Implementation of the strategy

Warwick Course

In spite of the reservations, 12 clinicians were recruited for the course, including GPs, district nurses, practice nurses and a podiatrist, and 11 completed the course. The course relied strongly on input from secondary care. This included the two diabetes consultants, the diabetes specialist nurses and the diabetes dietician as well as a local podiatrist, GP and ophthalmologist. The course was well received by all, particularly as it concentrated on the management of diabetes, and all participants, GPs and nurses, agreed that they had learned a lot. It is to be repeated this year.
An optional extra day was also organised with the support of one of the drug representatives, which specifically focused on converting people with type 2 diabetes to insulin and adjusting insulin levels.
Due to the financial constraints on balancing the PCT's budget, the amounts paid to level 1 and 2 ­practices had to be reduced, but a one-off payment for each patient started on insulin in the community was agreed. With the new GMS contract the quality points will supersede these payments.

Diabetes specialist nurse
Our diabetes specialist nurse was appointed in March this year. She has been able to gain a great deal of experience since then by working with the diabetes specialist nurses in the acute trust in their patient education and insulin conversion clinics, and has received a great deal of support from them. She has also been able to work with the diabetologist in the outreach clinic within the PCT.
Things have really moved on in the PCT since her appointment:

  • The nurse-run diabetes clinic has just started, with patients being referred by the diabetologist in the first instance. He is available to offer advice when needed.
  • She has visited most of the practices to update the baseline audit and explain her role.
  • Part of the PCT diabetes specialist nurse's remit was to provide education, and the first patient group education session has taken place and ­subsequent sessions will be held monthly.
  • Educational sessions have been run for home care staff and district nurses, and one is planned for ­practice nurses.
  • Visits to residential and nursing homes have ­commenced.
  • A contract is being finalised for the provision of blood glucose monitors for use in surgeries and by district nurses.
  • She is working with Equip (Education and Quality in Primary Care Across Essex) to develop a ­protocol for insulin conversion in GP surgeries.

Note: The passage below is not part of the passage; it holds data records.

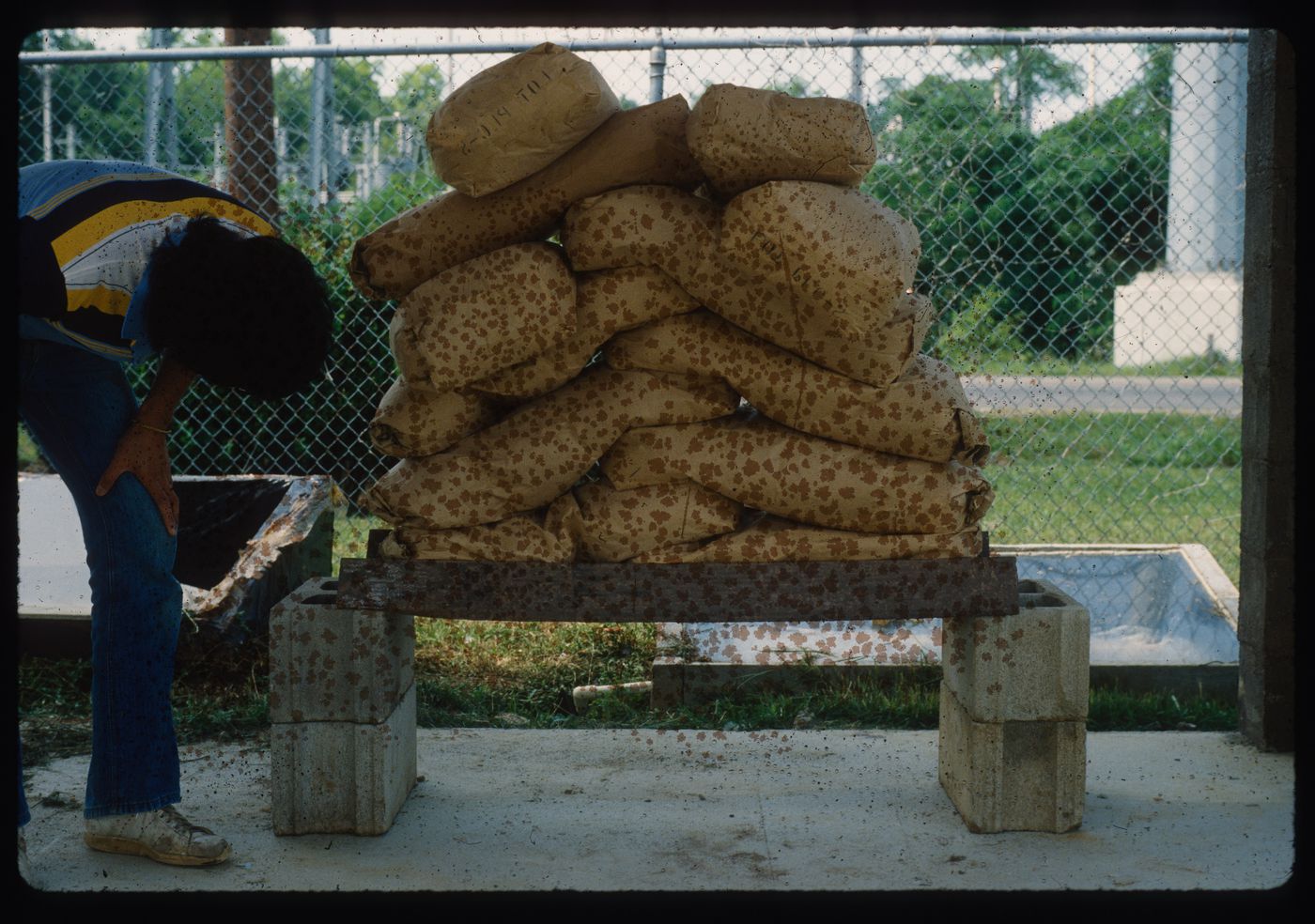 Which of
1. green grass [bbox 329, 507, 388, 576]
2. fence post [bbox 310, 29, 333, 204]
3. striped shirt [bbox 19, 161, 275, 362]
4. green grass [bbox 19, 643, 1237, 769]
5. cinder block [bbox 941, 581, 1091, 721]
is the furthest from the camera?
green grass [bbox 329, 507, 388, 576]

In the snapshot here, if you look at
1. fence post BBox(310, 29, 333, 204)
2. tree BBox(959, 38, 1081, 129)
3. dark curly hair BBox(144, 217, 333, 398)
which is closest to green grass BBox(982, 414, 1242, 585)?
tree BBox(959, 38, 1081, 129)

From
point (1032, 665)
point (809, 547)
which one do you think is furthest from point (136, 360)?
point (1032, 665)

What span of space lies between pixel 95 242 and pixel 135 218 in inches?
4.5

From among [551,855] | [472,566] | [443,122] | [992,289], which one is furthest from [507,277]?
[992,289]

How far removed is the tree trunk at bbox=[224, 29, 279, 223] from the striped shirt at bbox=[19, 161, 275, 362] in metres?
2.95

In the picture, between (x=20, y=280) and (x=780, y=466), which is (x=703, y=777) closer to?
(x=780, y=466)

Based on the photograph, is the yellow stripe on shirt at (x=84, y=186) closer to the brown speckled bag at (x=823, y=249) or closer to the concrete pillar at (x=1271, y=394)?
the brown speckled bag at (x=823, y=249)

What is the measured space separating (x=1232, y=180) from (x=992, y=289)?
107 inches

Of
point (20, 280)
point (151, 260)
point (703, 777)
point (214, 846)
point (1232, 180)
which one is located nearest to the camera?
point (20, 280)

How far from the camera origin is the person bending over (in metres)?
2.79

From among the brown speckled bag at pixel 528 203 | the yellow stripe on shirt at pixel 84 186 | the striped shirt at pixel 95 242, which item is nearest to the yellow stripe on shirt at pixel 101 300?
the striped shirt at pixel 95 242

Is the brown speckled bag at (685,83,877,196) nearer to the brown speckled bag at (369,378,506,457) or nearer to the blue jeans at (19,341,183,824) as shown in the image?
the brown speckled bag at (369,378,506,457)

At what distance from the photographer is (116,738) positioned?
121 inches

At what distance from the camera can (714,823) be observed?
11.0ft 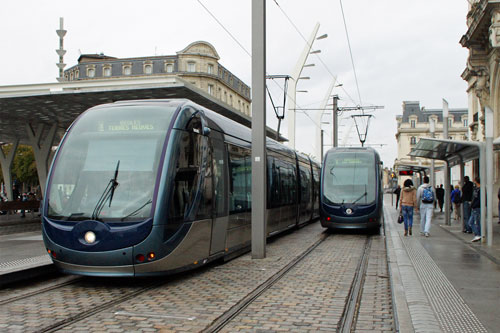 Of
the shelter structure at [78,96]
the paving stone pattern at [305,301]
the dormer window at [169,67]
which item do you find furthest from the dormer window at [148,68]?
the paving stone pattern at [305,301]

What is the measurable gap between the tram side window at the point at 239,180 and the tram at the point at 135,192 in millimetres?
Result: 849

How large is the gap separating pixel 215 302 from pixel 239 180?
4.52 m

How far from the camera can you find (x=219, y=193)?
994 cm

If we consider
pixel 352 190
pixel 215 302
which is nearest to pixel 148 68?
pixel 352 190

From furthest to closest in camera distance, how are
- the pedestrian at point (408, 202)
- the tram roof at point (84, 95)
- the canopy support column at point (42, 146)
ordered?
the canopy support column at point (42, 146) < the tram roof at point (84, 95) < the pedestrian at point (408, 202)

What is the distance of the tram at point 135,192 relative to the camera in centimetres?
779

Joint working across acute, primary and community services as well as specialist services has helped to clarify the care pathways for patients with diabetes and will ensure equity of quality care. All of this work has been done with the support and help of the acute trust, and it remains a regular source of advice. Working closely with secondary care to help solve the problem of the rapidly increasing numbers of patients with diabetes has been beneficial in improving cooperation and communication, as well as giving both primary care and the acute trust health professionals a better understanding of the constraints and difficulties faced by their colleagues.


  1. The Diabetes Control and Complications Trial Research Group. The effect of intensive treatment of diabetes on the development and progression of long-term complications in insulin-dependent diabetes mellitus. N Engl J Med 1993;329:683-9.
  2. UK Prospective Diabetes Study Group. Intensive blood glucose control compared with conventional treatment and the risk of complication in patients with type 2 diabetes. Lancet 1998;352:837-53, 854-65.